「迂闊」とは
「迂闊」<うかつ>とは、「うっかりしていて心配りが行き届かないこと」、あるいは「回りくどくて役に立たないこと」という意味です。多くの場合、前者の意味で用いられます。
「迂」とは
「迂」は、音読みでは<ウ>、訓読みでは<とお-い・まが-る>と読みます。複数の字義がありますが、「迂闊」の場合は、「疎い・鈍い」や「遠回りする・回りくどい」という意味です。
「闊」とは
「闊」は、音読みでは<カツ>、訓読みでは<うと-い・ひろ-い>と読みます。「疎い・ボンヤリとしている」や「遠く離れている」などを意味する漢字です。
「迂闊」の使い方
「迂闊」は名詞として用いられるだけでなく、形容動詞としても働きます。また、「迂闊さ」は「迂闊」から派生した名詞です。
【例文】
- 迂闊者の彼はパスワードを付箋に書いてパソコンに貼っていた。
- 教師の迂闊な発言はその生徒を傷つけた。
- 田んぼが心配だが、この暴風雨では迂闊に外に出ることも出来ない。
- 「とんだ思い違いをしていた」と、彼女は自分の迂闊さを呪った。
『人間豹』/江戸川乱歩
ー江戸川乱歩『人間豹』ー
「千万」<せんばん>は形容動詞について「甚だしい」<はなはだしい>という意味を添える働きがあります。「迷惑千万」や「卑怯千万」のようなかたちですね。ここでの「迂闊千万」は「うっかりするにも程がある」といったことを表しています。

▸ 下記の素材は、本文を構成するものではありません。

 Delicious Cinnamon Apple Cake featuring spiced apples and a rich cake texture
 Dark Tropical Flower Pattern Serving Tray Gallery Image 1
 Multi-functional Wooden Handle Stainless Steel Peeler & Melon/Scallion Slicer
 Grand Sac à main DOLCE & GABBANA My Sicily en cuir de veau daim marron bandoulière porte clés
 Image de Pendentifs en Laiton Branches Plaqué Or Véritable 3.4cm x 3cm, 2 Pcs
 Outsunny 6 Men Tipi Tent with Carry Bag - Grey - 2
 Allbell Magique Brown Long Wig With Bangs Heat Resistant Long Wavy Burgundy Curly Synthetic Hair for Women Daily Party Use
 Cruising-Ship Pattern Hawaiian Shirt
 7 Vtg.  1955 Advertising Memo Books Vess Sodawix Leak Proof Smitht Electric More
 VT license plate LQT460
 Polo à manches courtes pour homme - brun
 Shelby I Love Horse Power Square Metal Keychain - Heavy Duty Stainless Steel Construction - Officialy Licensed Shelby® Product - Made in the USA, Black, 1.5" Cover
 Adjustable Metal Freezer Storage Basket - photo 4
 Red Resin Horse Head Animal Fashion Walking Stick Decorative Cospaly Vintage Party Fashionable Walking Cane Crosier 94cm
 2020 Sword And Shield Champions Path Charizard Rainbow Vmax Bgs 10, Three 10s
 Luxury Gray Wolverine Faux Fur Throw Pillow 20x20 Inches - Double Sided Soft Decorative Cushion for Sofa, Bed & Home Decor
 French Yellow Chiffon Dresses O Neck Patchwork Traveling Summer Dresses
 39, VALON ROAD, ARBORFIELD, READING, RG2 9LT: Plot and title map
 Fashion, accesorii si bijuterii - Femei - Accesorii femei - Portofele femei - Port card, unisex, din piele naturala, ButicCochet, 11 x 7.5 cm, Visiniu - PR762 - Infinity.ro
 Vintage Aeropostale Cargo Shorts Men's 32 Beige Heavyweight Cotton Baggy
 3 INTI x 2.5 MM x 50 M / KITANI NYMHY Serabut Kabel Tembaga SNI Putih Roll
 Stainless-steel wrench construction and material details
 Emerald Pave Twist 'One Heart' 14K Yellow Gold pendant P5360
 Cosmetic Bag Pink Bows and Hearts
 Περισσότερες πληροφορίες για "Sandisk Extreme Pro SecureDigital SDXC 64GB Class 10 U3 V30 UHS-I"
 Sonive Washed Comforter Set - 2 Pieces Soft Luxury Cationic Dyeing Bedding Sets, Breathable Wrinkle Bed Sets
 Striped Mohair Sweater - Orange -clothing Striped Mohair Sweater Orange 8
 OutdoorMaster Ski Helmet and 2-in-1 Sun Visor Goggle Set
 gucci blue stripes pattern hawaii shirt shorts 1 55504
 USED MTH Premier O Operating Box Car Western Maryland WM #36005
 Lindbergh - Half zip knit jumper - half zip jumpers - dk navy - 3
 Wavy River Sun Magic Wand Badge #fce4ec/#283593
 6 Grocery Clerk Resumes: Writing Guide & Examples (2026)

なお、『人間豹』は名探偵 明智小五郎を主人公としたシリーズの中の一作で、女性の殺戮を繰り返す半獣半人の怪人物 恩田と対決するというストーリーです。
「迂闊」の類語
「軽率」
「軽率」<けいそつ>とは「軽はずみ・浅い考えで軽々しく何かをすること」です。「軽挙妄動」<けいきょもうどう>や「軽佻浮薄」<けいちょうふはく>とも言い換えられます。これらは「迂闊」とほとんど同じ意味です。
【例文】
- 今回は私の軽率な行動で周囲に迷惑を掛けてしまった。
- 同じチームで仕事をするのは初めてだが、彼の軽率さにはあきれるばかりだ。
「残念」
「残念」は、「物足りなく思うこと・心残りがある様子」や「悔しく思うことやその様子」というのが辞書に記載されている意味です。
しかし、若者言葉では「頑張ってはいるけれど結果が伴わない」「軽はずみな言動が長所を打ち消す」「短所が長所を覆い隠している」というニュアンスで用いられることがあります。本人の心残りや悔しさではなく、第三者から見た物足りなさや無念を表しているわけですね。
若者が使う「残念」は、「迂闊」に近い意味である場合があります。
【例文】
- 彼の残念な発言のせいで飲み会の場がしらけてしまった。
- 彼女は熱心に仕事に取り組んでいるが、要領が悪い残念な人だ。
「粗相」
「粗相」<そそう>の意味は複数ですが、その中に「軽薄なこと・不注意からミスを犯すこと・軽率な過ち」という意味があります。「迂闊な言動」などは「粗相」と言い換えることが出来るでしょう。
【例文】
- 大事な接待だから、クライアントに粗相のないように気をつけてくれ。
- 新人の粗相には多少は目をつぶることも必要だ。
「不覚」
「不覚」<ふかく>は複数の意味を持つ言葉ですが、「迂闊」の意味に近いのは「油断から失敗すること・しくじり」です。
【例文】
- あの選手はこのトーナメント中、一度も不覚をとらなかった。
- 不覚にも重要な会議中に居眠りをしてしまった。
「間抜け」
「間抜け」には「的外れ」という意味もありますが、「言動に抜かりがあること・愚かなこと」という意味もあります。後者は「迂闊」に通じるところがありますね。
【例文】
- 彼女の間抜けな質問はその場にいたみんなを苛立たせた。
- 彼の嘘を見抜けなかった自分の間抜けさに腹が立つ。